An autonomous AI system called XBOW has outperformed human researchers to become the top-ranked security tester in the US on HackerOne, a bug bounty platform used by major organizations to strengthen their cybersecurity.
This is a milestone in the use of AI for ethical security research, not simply because it performed well, but because it’s the first documented instance of an autonomous system outperforming human experts on a large scale in a real-world environment.
XBOW was developed to function as an independent penetration tester, capable of identifying, validating, and reporting vulnerabilities in real-world systems. In a span of a few months, XBOW submitted over 1,000 vulnerability reports, leapfrogging thousands of human ethical hackers to land at the top of the US leaderboard.

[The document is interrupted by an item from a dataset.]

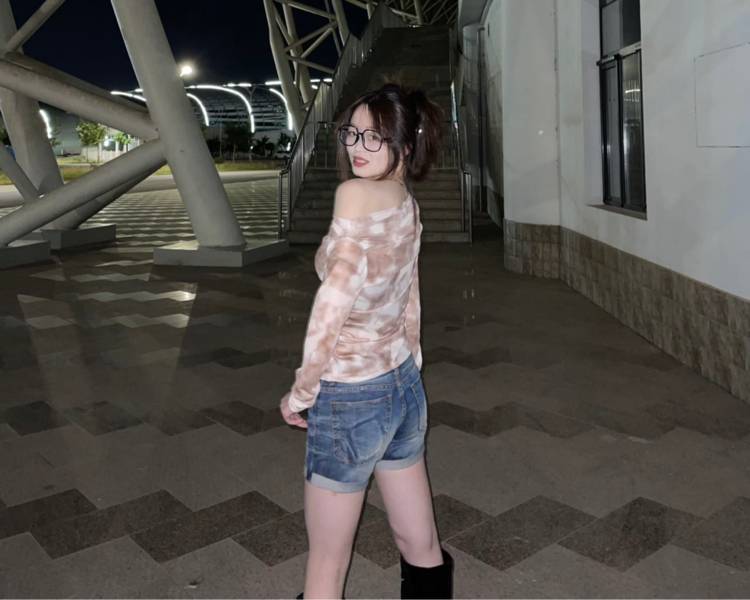 艺人背景图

“All findings were fully automated,” wrote Nico Waisman, XBOW head of security, in a blog post about its top ranking. However, he noted that human staff conducted reviews prior to submission to comply with HackerOne’s current policies governing AI tool usage.
How accurate is the AI tool?
Despite common concerns that AI tools often produce false positives in security testing, XBOW’s accuracy has impressed security professionals. According to internal metrics:
- 132 vulnerabilities were confirmed and resolved by program owners.
- 303 vulnerabilities were “triaged,” which means acknowledged but not yet resolved.
- 125 vulnerabilities remain under review.
- 208 vulnerabilities reports were marked as duplicates.
- 209 vulnerabilities were labeled as informative.
- 36 vulnerabilities were considered applicable.
In terms of severity over the past three months, XBOW’s reports included:
- 54 critical vulnerabilities
- 242 high vulnerabilities
- 524 medium vulnerabilities
- 65 low vulnerabilities
These figures suggest the AI’s findings are not only rapid but also impactful.
How does XBOW work?
XBOW’s training began with solving Capture The Flag (CTF) challenges, a common method in cybersecurity education, before moving on to testing environments that simulate real-world conditions.
To ensure quality, the system uses a “validator” layer. These are automated checkers — sometimes powered by language models, other times by custom scripts — that verify whether a vulnerability truly exists.
“We treated [XBOW] like any external researcher would: no shortcuts, no internal knowledge — just XBOW, running on its own,” said Waisman. The company plans to release a series of blog posts detailing some of the AI’s most creative discoveries, offering a transparent look into how it works and what it found.
XBOW has just raised $75 million in a new funding round led by Altimeter Capital, with participation from Sequoia Capital and NFDG, according to Bloomberg.